Tardes de Olivetti
Algunas tardes mi madre me
llevaba a la fábrica de mi padre y me sentaban en el despacho, junto a Aurora,
la secretaria que se encargaba de todo. Yo balanceaba las piernas mientras la
observaba trabajar y la miraba con admiración. Aunque apenas llegaba a los
veinte años, me parecía mayor. Solía llevar blusas abrochadas hasta el cuello,
faldas por debajo de las rodillas, zapatos de tacón y la manicura perfecta. Me
podía pasar horas mirando cómo tecleaba la Olivetti con aquellos dedos delgados
y, si se le atascaban las barras de tipo, entonces las desagrupaba con sus
dedos delicados en un gesto femenino y elegante.
Cuando mis padres iban
juntos a inspeccionar la zona de producción, Aurora y yo nos quedábamos solas
en el despacho y me preguntaba las tablas de multiplicar, los ríos de España y a
qué especie pertenecían los animales que elegía al azar. Si contestaba bien,
que era casi siempre, me premiaba con un caramelo y, lo mejor: tecleaba
siguiendo el ritmo de una canción cuyo título tenía que adivinar. ¡Así me podía
pasar horas!
Los chasquidos de aquella
máquina de escribir eran mágicos, pues llegaban a hipnotizarme casi tanto como
la destreza de Aurora. ¡Y qué decir de la campanilla al final de línea!

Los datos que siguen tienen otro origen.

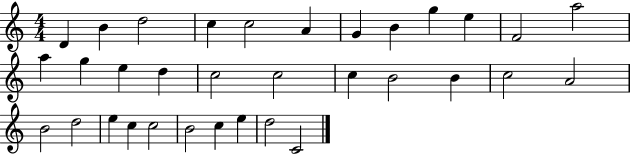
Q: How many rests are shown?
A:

―Deberían inventar máquinas
de escribir que tuvieran memoria, porque ésta ha vivido toda la de esta
empresa. Nunca te deshagas de ella ―me dijo un día mientras me dejaba teclear
sentada sobre su falda.
Nunca lo hice. La Olivetti
está en el altillo, envuelta y metida en una caja. Aurora no vivió para ver que
se inventaron «las máquinas de escribir con memoria», memoria frágil, pues me han fallado dos discos duros y voy por mi tercer ordenador. No
podría vivir sin él… pero si tuviera que dejar un mensaje a alguien a mis
biznietos, utilizaría la Olivetti que ve
pasar el tiempo desde el altillo y no ha fallado jamás.